Supplied material »
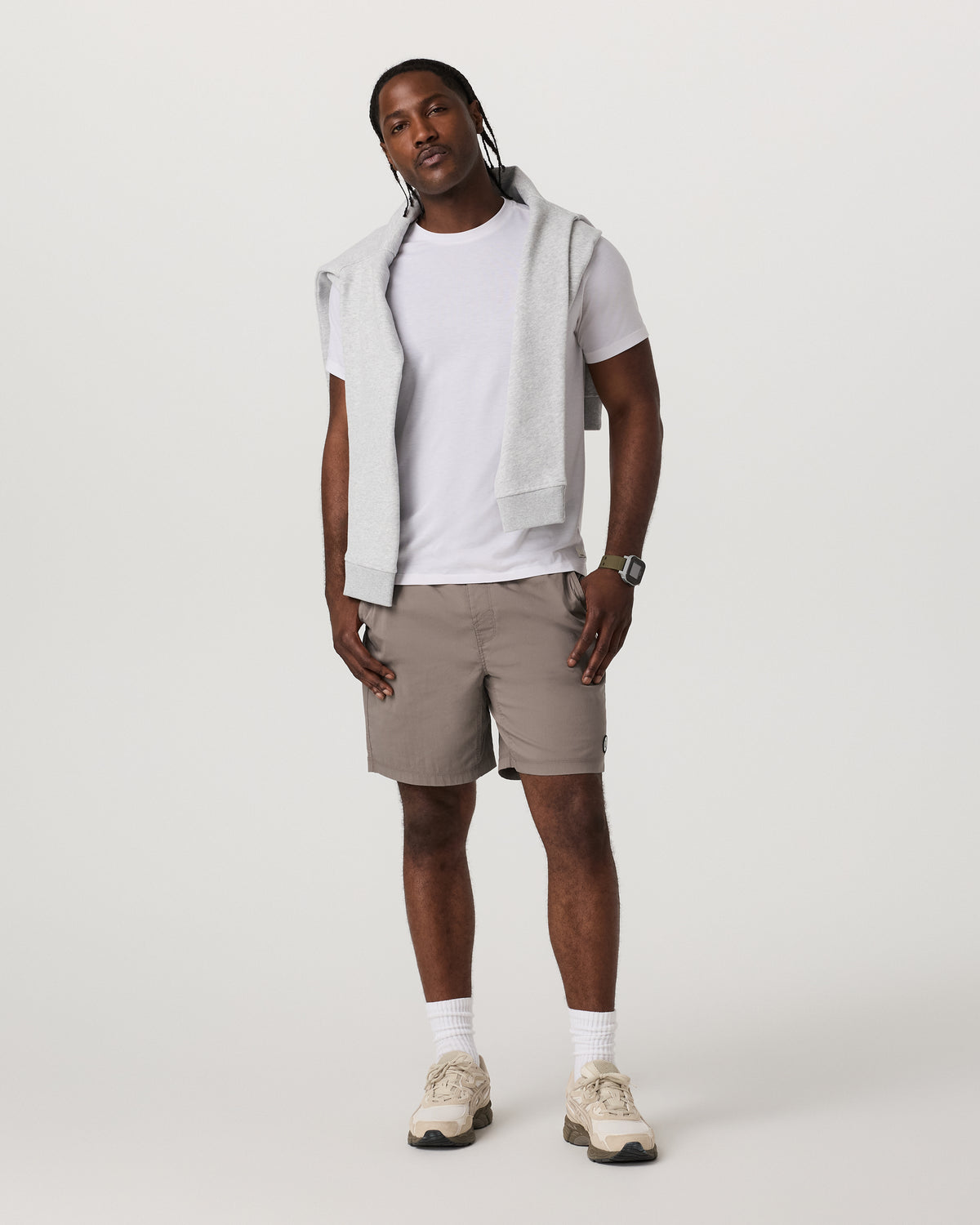 Kore Everyday Short Lined 7" Men's Smokey Taupe Shorts | Vuori US
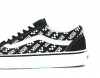 Vans Old skool logo repeat noir blanc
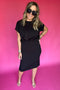 Spanx: Airessentials Gathered Waist Dress - Very Black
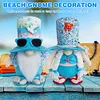 2Pcs Beach Gnomes Plush Cute Shelf Sitters with Weighted Base for Birthday Gifts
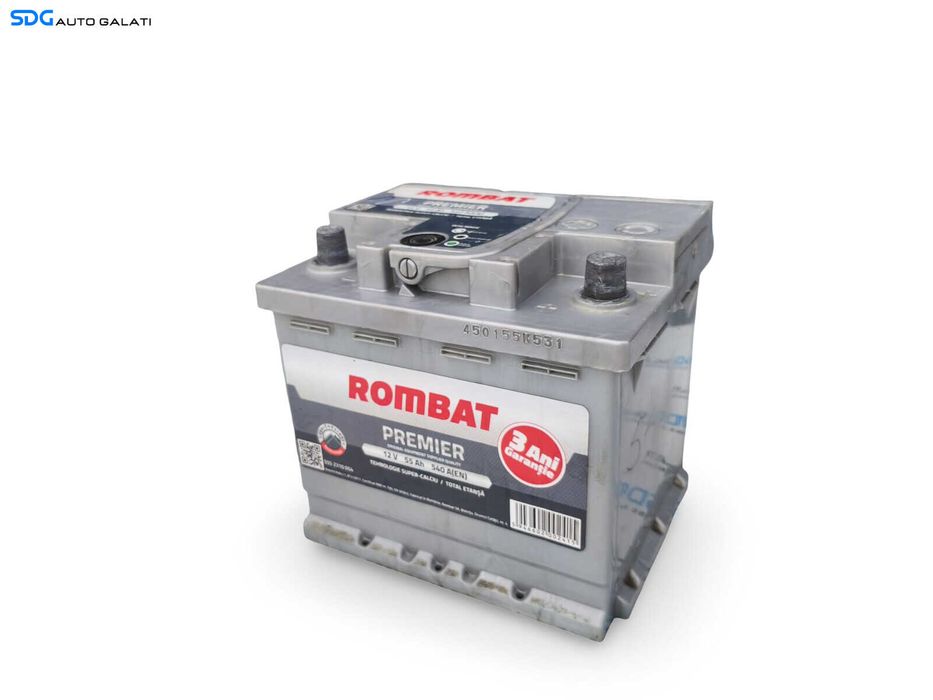 Baterie Acumulator Auto 55AH 540A ROMBAT Premier 5552310054 Volkswagen Audi Seat Skoda Ford Opel Toyota BMW Mercedes Renault Peugeot Dacia [A0447]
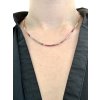 Multicolor spinel necklace 45 cm (2mm)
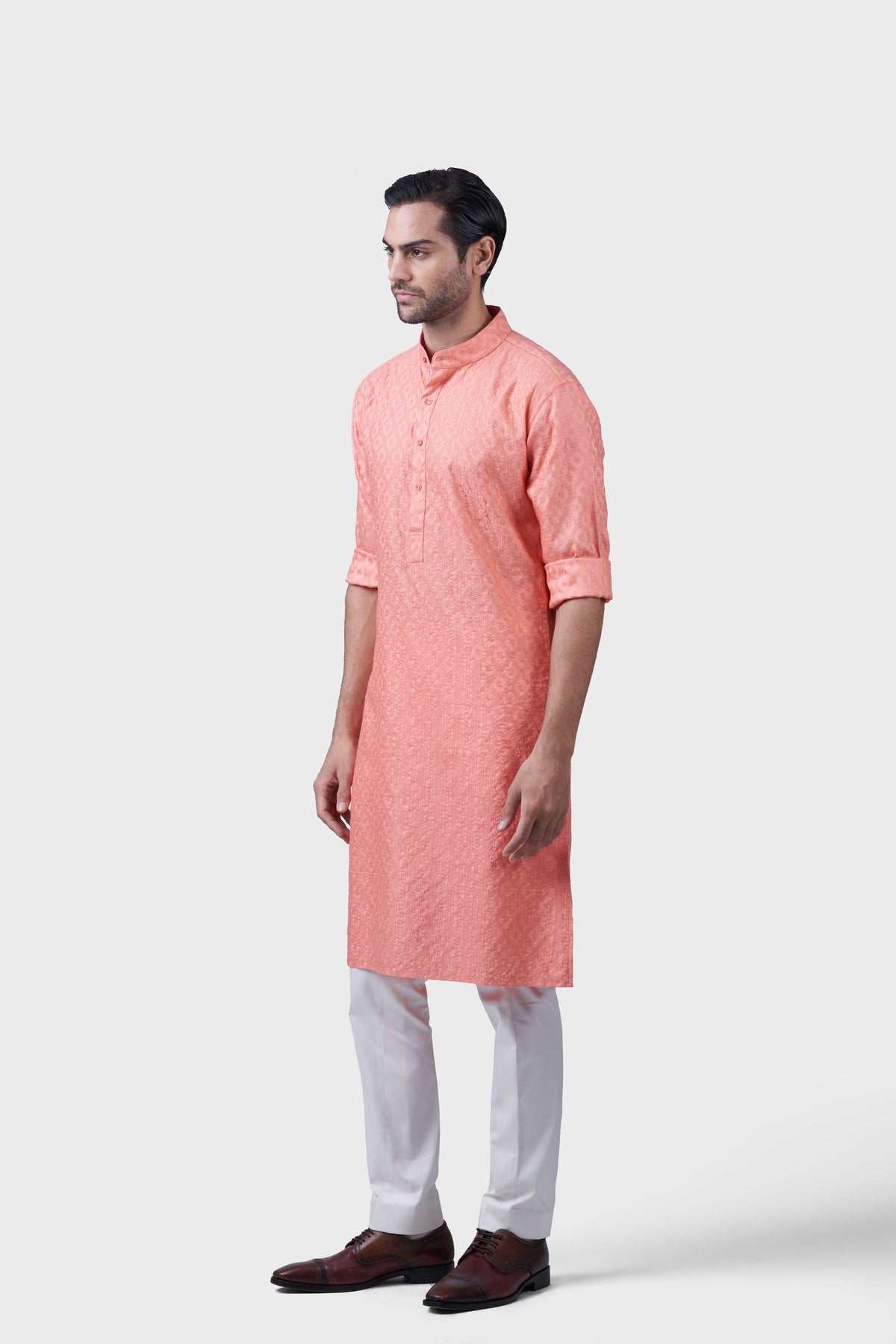 The Cantaloupe Textured Kurta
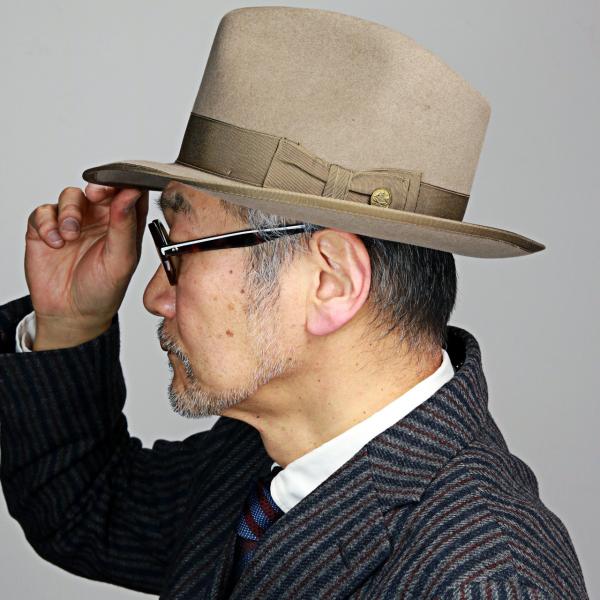 ステットソン　ハット　ベージュ　ジョニーデップ　ウエスタン　ラビット　ビーバー STETSON（ステットソン） Ver.2 ビーバー ラビット ヴィンテージ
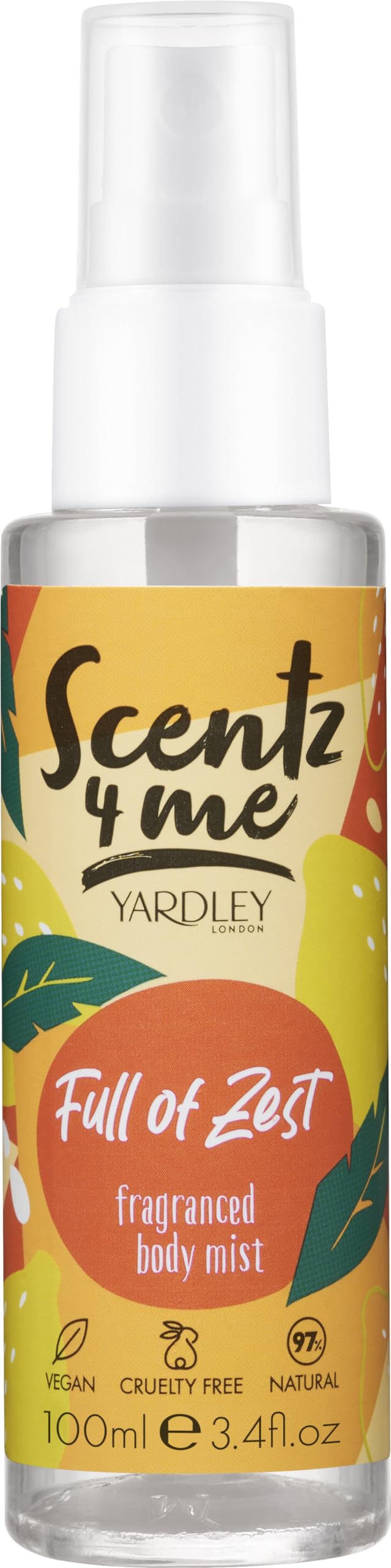 Yardley Scent 4 Me Full Of Zest Fragranced Body Mist 100ml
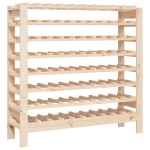 vidaXL Suport de vinuri, 109,5x30x107,5 cm, lemn masiv de pin vidaXL Suport de vinuri, 109,5x30x107,5 cm, lemn masiv de pin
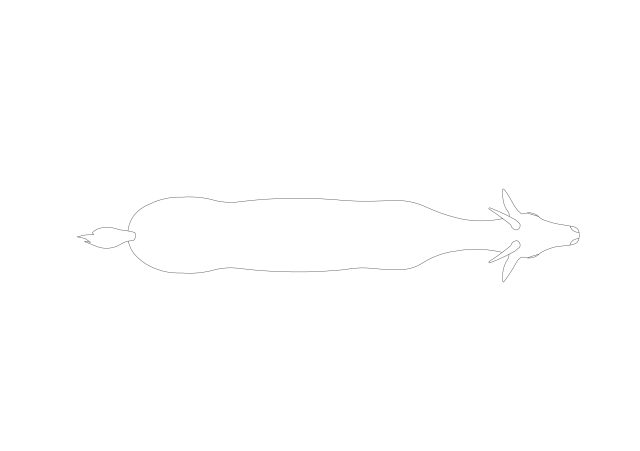 Free Goat CAD Block – Top View Plan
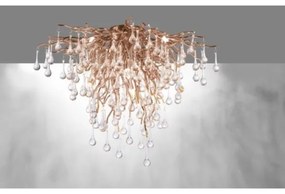 Paul Neuhaus 8091-11 - Prisadený luster ICICLE 9xG9/40W/230V pr. 50 cm mosadz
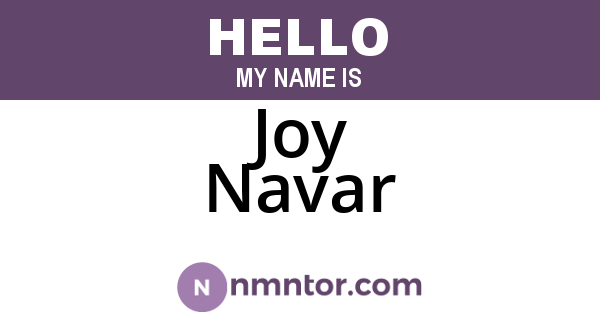 Joy Navar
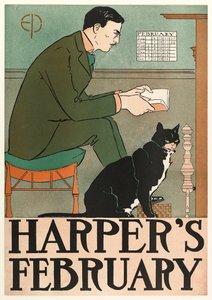 Harpers New Monthly Magazine -lehden mainosjuliste, helmikuu 1898.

Exercise prompt »
Exactly the lines from the top of the listing through the line with "Multicolor spinel necklace 45 cm (2mm)", and no pictures, should be printed.

Reply »
 Kore Everyday Short Lined 7" Men's Smokey Taupe Shorts | Vuori US
 Vans Old skool logo repeat noir blanc
 Spanx: Airessentials Gathered Waist Dress - Very Black
 2Pcs Beach Gnomes Plush Cute Shelf Sitters with Weighted Base for Birthday Gifts
 Baterie Acumulator Auto 55AH 540A ROMBAT Premier 5552310054 Volkswagen Audi Seat Skoda Ford Opel Toyota BMW Mercedes Renault Peugeot Dacia [A0447]
 Multicolor spinel necklace 45 cm (2mm)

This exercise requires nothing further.